Study uncovers vast genomic diversity in Aboriginal Australian communities

NewsGuard 100/100 Score

In a recent study published in the journal Nature, researchers investigated the previously underrepresented genomic diversity of four Aboriginal Australian communities. They used population-scale whole-genome (WGS) long-read sequencing. Study findings revealed unique alleles comprised of insertion-deletion variants, variable copy number regions, and structural variants, 62% of which are novel to science. Notably, 12% of these allelic variants were found to be unique to Aboriginal Australians, most of which belong to a single remote community.

Researchers further used short tandem repeat sequencing at 50 known disease loci to understand human genomic diversity holistically and to pave the path for future studies in genomic medicine.

Study: The landscape of genomic structural variation in Indigenous Australians. Image Credit: gopixa / ShutterstockStudy: The landscape of genomic structural variation in Indigenous Australians. Image Credit: gopixa / Shutterstock

The historic diversity of Australia

Australia is both a continent and an island, allowing it to form an isolated cradle for early man. Hundreds of Aboriginal clans and communities have been hitherto identified with potential genetic variations that allowed them to thrive in the continent's diverse environments over the last 50,000 years or more.
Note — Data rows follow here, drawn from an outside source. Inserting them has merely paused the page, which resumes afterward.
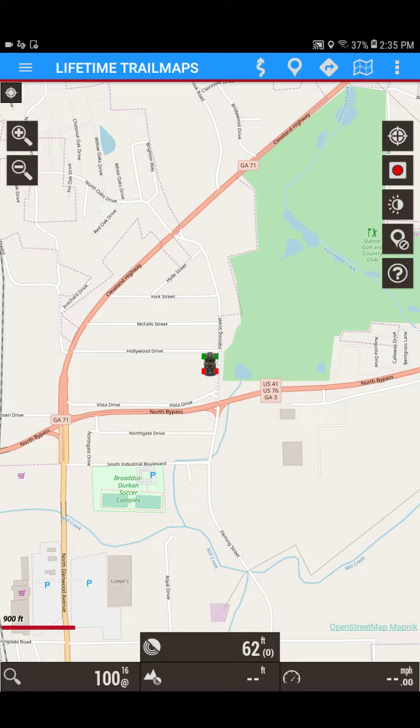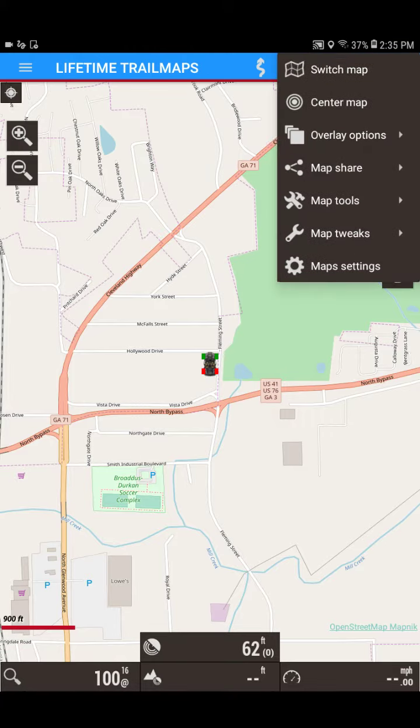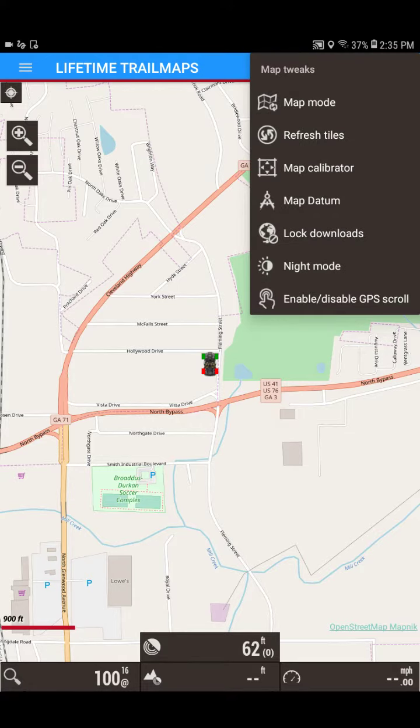So here's how we do that. We go to the folded map icon up in the top right-hand corner, which is also called map settings. We're going to go down to map tweaks and then go to map mode.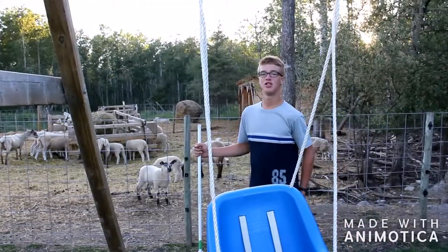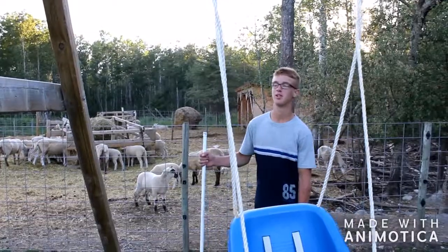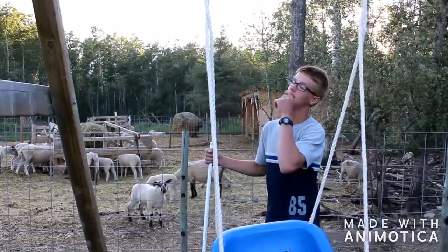Hey guys, welcome back. Today in this video we are going to do something extremely risky. We are going to shoot a bee's nest.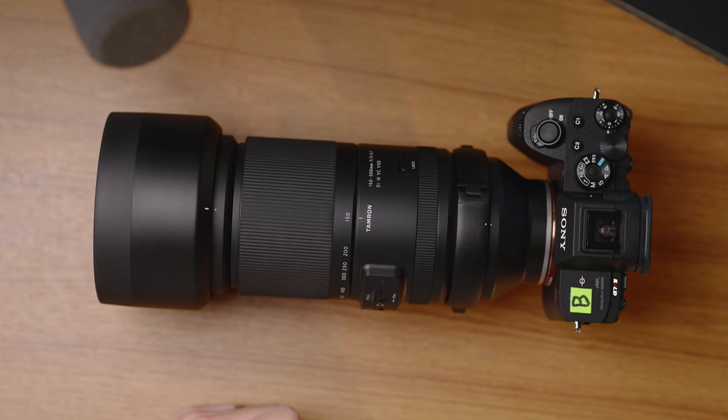Today we're taking a first look at the Tamron 150-500mm f5-6.7 new telephoto zoom lens for Sony. Let's get into it.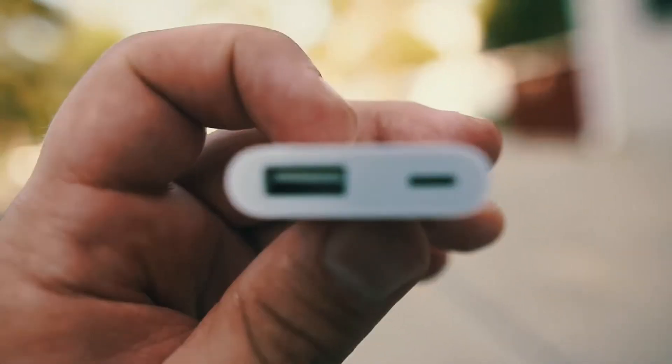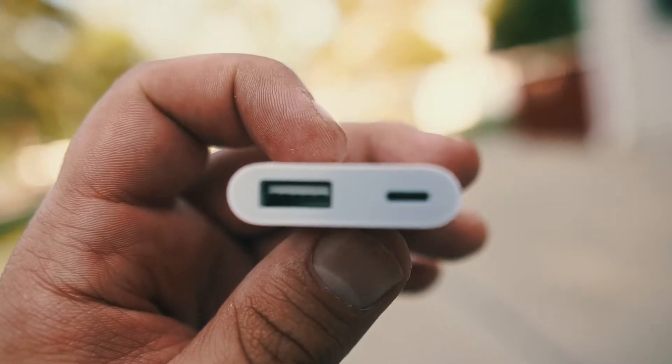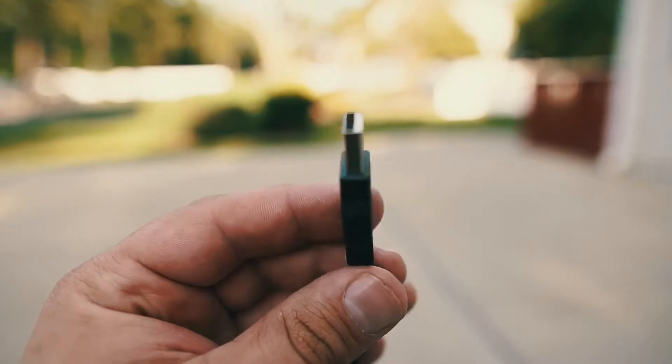It also has another Lightning port, so if you want to continue to power your phone while you transfer your footage. And then this end goes into your Alpha 6500, 6400, 6300, and 6000. You're able to not just do the MP4 footage.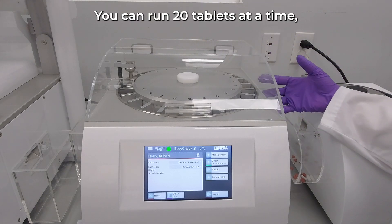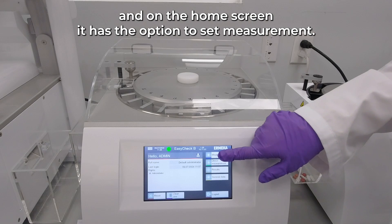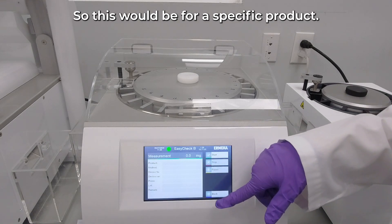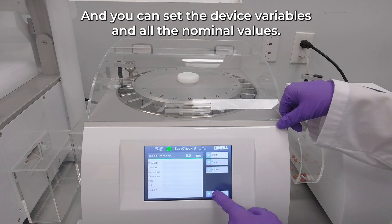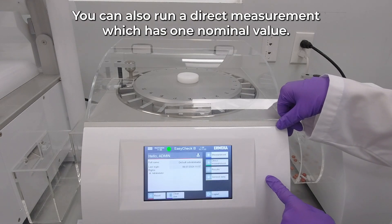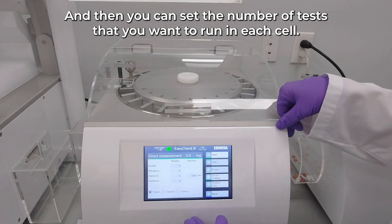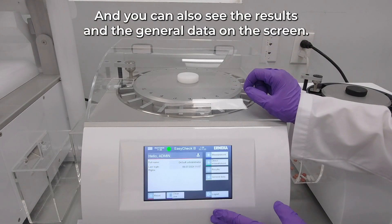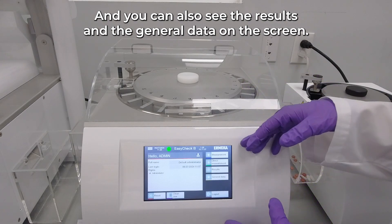You can run 20 tablets at a time. On the home screen it has the option to set measurements for a specific product, where you can set the device variables and all the nominal values. You can also run a direct measurement with one nominal value, set the number of tests per cell, and view the results and general data on the screen.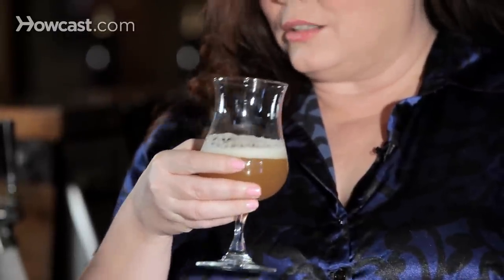How to taste beer. The first thing you want to do when you taste your beer is to get it in your glass, give it a little smell, swirl it around, because what you're trying to do is release the aromatics, and it's going to give you a good idea as to what's going to follow.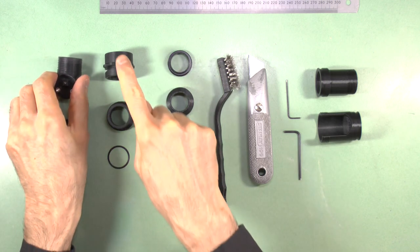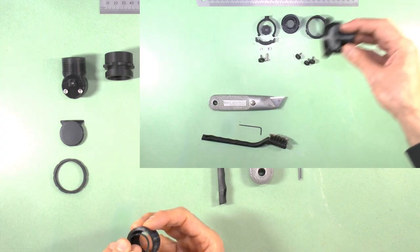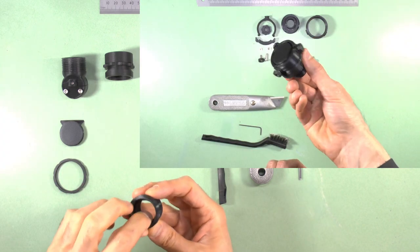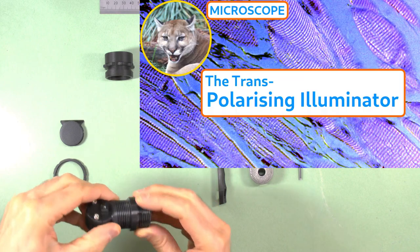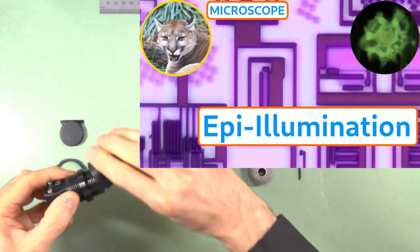...and the parts for attaching a C-mount camera, as well as the parts for attaching the ocular mirror mount to the mirror block tube, are exactly the same as described in the video on the ocular heads. The polarizing connector to the advanced filter block was described in the videos on the trans-polarizing illuminator and epi illumination.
Many of these peoples' cultural and linguistic history has been studied over the years, with over 250 languages described, 150 of which are still spoken today.

Unfortunately, despite intensive research on the cultural history of Indigenous Australians, their genomic diversity remains one of the most poorly understood of any community the world over. This knowledge gap is highlighted by the glaring lack of Indigenous Australian genomic data in the 1000 Genomes Project, the gnomAD reference database, or the Human Pangenome Reference draft genome. The databases are essential in current and future clinical interventions against genetic diseases. Therefore, the lack of Australian representation could significantly hamper genetic medicine efforts within the continent.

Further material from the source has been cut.